From the book jacket:

Mi-ja and Young-sook, two girls living on the Korean island of Jeju, are best friends that come from very different backgrounds. When they are old enough, they begin working in the sea with their village’s all-female diving collective, led by Young-sook’s mother. As the girls take up their positions as baby divers, they know they are beginning a life of excitement and responsibility but also danger.

Despite their love for each other, Mi-ja and Young-sook’s differences are impossible to ignore. The Island of Sea Women is an epoch set over many decades, beginning during a period of Japanese colonialism in the 1930s and 1940s, followed by World War II, the Korean War and its aftermath, through the era of cell phones and wet suits for the women divers. Throughout this time, the residents of Jeju find themselves caught between warring empires. Mi-ja is the daughter of a Japanese collaborator, and she will forever be marked by this association. Young-sook was born into a long line of haenyeo and will inherit her mother’s position leading the divers in their village. Little do the two friends know that after surviving hundreds of dives and developing the closest of bonds, forces outside their control will push their friendship to the breaking point.

This beautiful, thoughtful novel illuminates a world turned upside down, one where the women are in charge, engaging in dangerous physical work, and the men take care of the children. A classic Lisa See story—one of women’s friendships and the larger forces that shape them—The Island of Sea Women introduces readers to the fierce and unforgettable female divers of Jeju Island and the dramatic history that shaped their lives.

My review:

The Island of Sea Women is such a captivating and powerful story not only two friends, but women and their relationships as well. especially since it is based around true historical events. The detail that Lisa See goes into is, as always, remarkable and she really captures the horrific events is such a beautiful way.

What I especially liked about this book is the relationship between Young-sook and Mi-ja; to me, their relationship is similar to those that many women have: we’re inseparable but as we get older, our faith in one another is tested in a make-or-break fashion.

In my opinion, Young-sook and Mi-ja’s friendship was flawed. While it seems strong on the outside, Young-sook’s haenyeo upbringing blinded her to Mi-ja’s “Western” struggles as Mi-ja didn’t have the courage to speak up for herself. Still, their story grabbed me and I couldn’t help but want them to resolve their differences.

The Island of Sea Women opened my eyes to a part of Asian history that I had absolutely no knowledge of, and as I mentioned before, Lisa See tells its tale so wonderfully. I heart hurts for those who were impacted by the 4.3 Incident and I’m really interested in learning more about this island’s history overall.

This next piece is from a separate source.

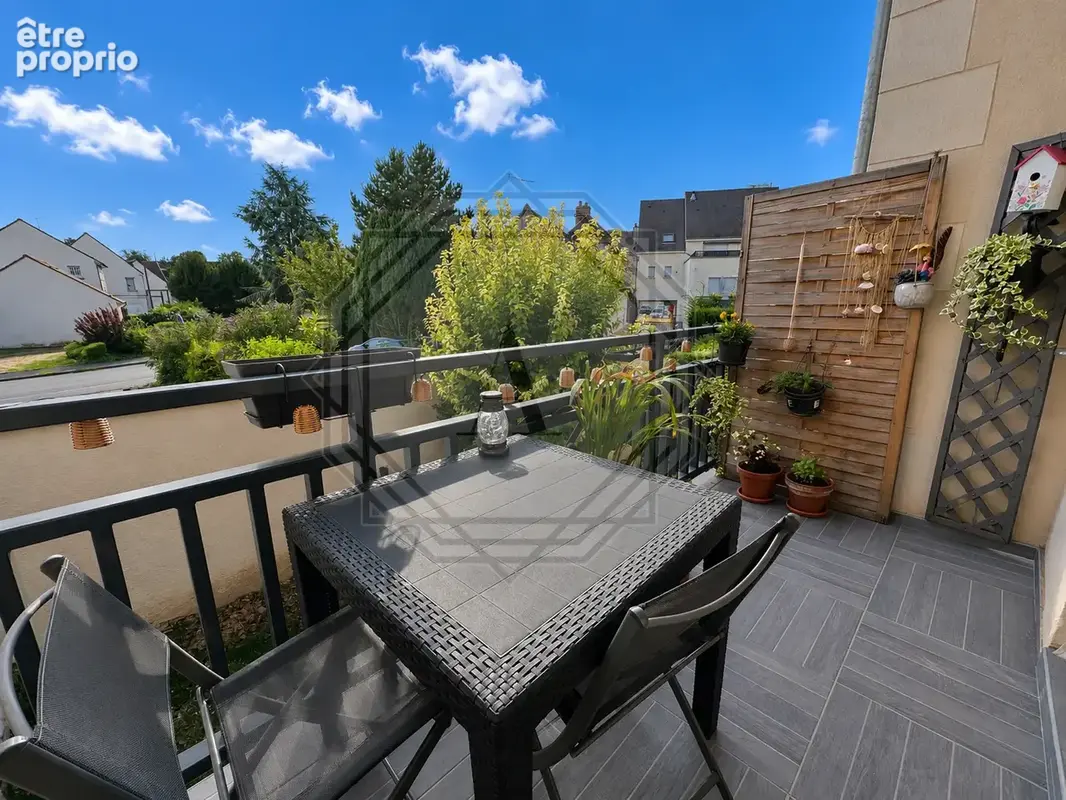 Photo Appartement à Bornel au prix de 195 000€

Despite all of the tragedy within the storyline, it still absorbed me completely. I’d definitely recommend it as it introduces such a different lifestyle for women.

My rating: ★★★★½/5

What I’m Reading: American War

From the book jacket:

An audacious and powerful debut novel: a second American Civil War, a devastating plague, and one family caught deep in the middle—a story that asks what might happen if America were to turn its most devastating policies and deadly weapons upon itself.

Sarat Chestnut, born in Louisiana, is only six when the Second American Civil War breaks out in 2074. But even she knows that oil is outlawed, that Louisiana is half underwater, that unmanned drones fill the sky. And when her father is killed and her family is forced into Camp Patience for displaced persons, she quickly begins to be shaped by her particular time and place until, finally, through the influence of a mysterious functionary, she is turned into a deadly instrument of war. Telling her story is her nephew, Benjamin Chestnut, born during war as one of the Miraculous Generation and now an old man confronting the dark secret of his past—his family’s role in the conflict and, in particular, that of his aunt, a woman who saved his life while destroying untold others.

My review:

I’m pretty sure the last dystopian novel I read was Animal Farm by George Orwell, and that was either in grade 10 or 11 English class. Let me just say that American War is no Animal Farm, with no offence to Orwell. 

American War, written by Egypt-born, Canada-based author Omar El Akkad, is an eye-opening idea of what the future of global politics could very well turn out to be. With everything already on its way to going to hell in a hand basket, El Akkad does an incredible job painting a vivid picture of what the world may very well be like in 50 years from now; climate change and earth’s diminishing resources are something that we are perhaps not taking seriously enough. 

While it may seem like the United States is being “picked on”, it only makes sense as the country is generally viewed as one of the biggest leaders in all things economical. It’s an interesting thing to see what it would be like if it reverted back 100 years and another Civil War broke out. What would be devastation look like? Who would be affected? If race is what drove the last war, what would propel this one? Natural resources seems like an obvious choice.

Two of the three Chestnut children, Sarat and Simon, are examples of how war robs children of their youth. When war is the only thing you seem to know growing up, it is seems only natural to join the fight for one reason or another. The third Chestnut child, Dana, is the sole family member who doesn’t seek out revenge for what has happened to her family, perhaps as an example of preserved innocence.

I tried to dig deep and find something that I didn’t like about American War, and quite frankly, I really enjoyed every bit of it. While a bit dense and containing some slight adult content, I really think it should be a required read for high schoolers. It’s eye-opening and thought-provoking.